(Data shown begins)
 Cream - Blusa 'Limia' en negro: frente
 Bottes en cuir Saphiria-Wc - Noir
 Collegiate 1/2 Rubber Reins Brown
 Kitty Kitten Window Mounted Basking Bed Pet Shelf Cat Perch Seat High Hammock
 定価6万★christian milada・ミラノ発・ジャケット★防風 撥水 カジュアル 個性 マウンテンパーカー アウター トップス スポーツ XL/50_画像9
(Data shown ends)
(Data shown begins)
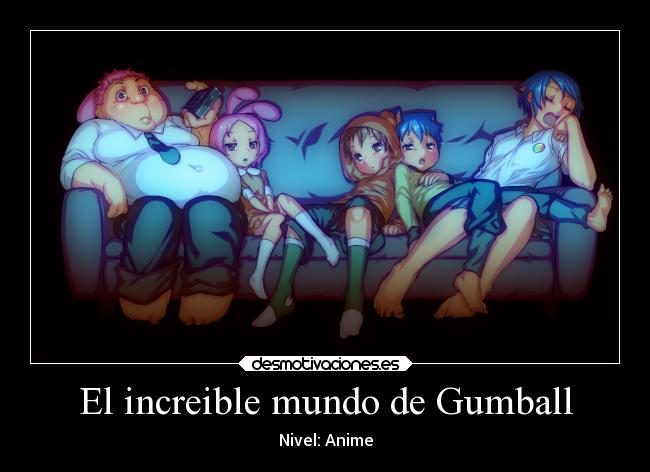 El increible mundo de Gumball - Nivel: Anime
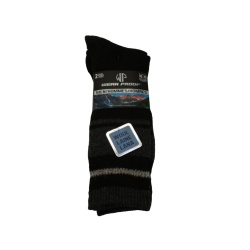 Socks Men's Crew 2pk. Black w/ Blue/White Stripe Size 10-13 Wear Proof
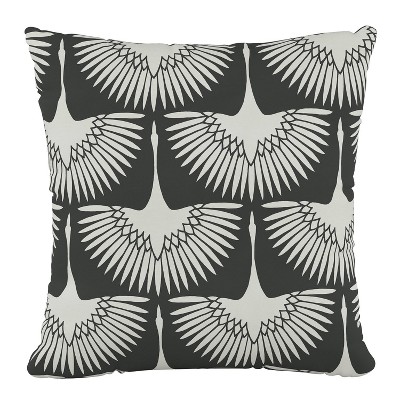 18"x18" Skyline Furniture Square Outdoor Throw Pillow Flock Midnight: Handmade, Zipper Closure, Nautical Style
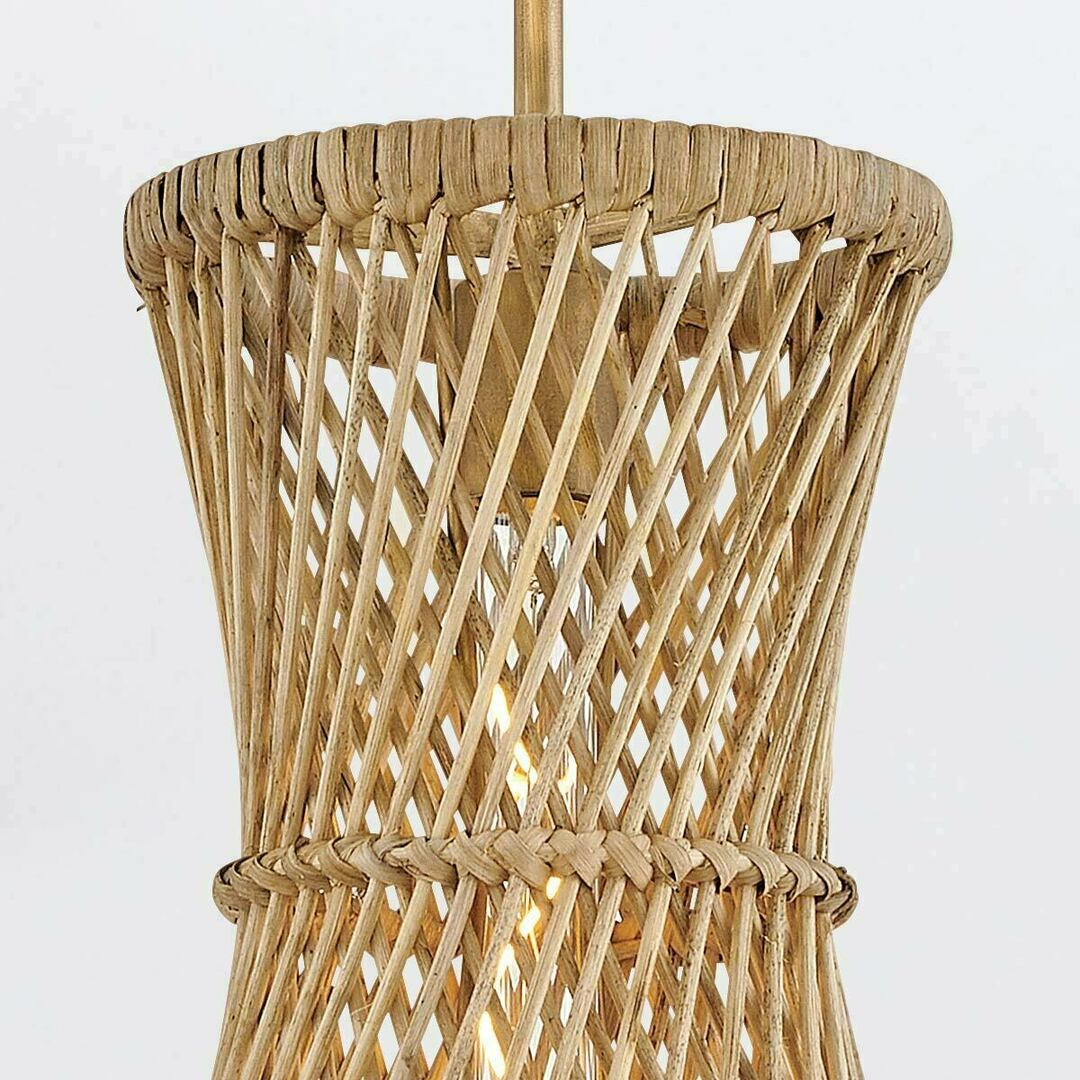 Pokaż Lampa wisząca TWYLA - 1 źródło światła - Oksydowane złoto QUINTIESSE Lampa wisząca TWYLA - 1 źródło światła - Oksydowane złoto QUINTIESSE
(Data shown ends)
From the records above, transcribe exactly the run of lines that opens with the line holding "Cream - Blusa 'Limia' en negro: frente" and closes with the line holding "定価6万★christian milada・ミラノ発・ジャケット★防風 撥水", both included.

## Answer box
 Cream - Blusa 'Limia' en negro: frente
 Bottes en cuir Saphiria-Wc - Noir
 Collegiate 1/2 Rubber Reins Brown
 Kitty Kitten Window Mounted Basking Bed Pet Shelf Cat Perch Seat High Hammock
 定価6万★christian milada・ミラノ発・ジャケット★防風 撥水 カジュアル 個性 マウンテンパーカー アウター トップス スポーツ XL/50_画像9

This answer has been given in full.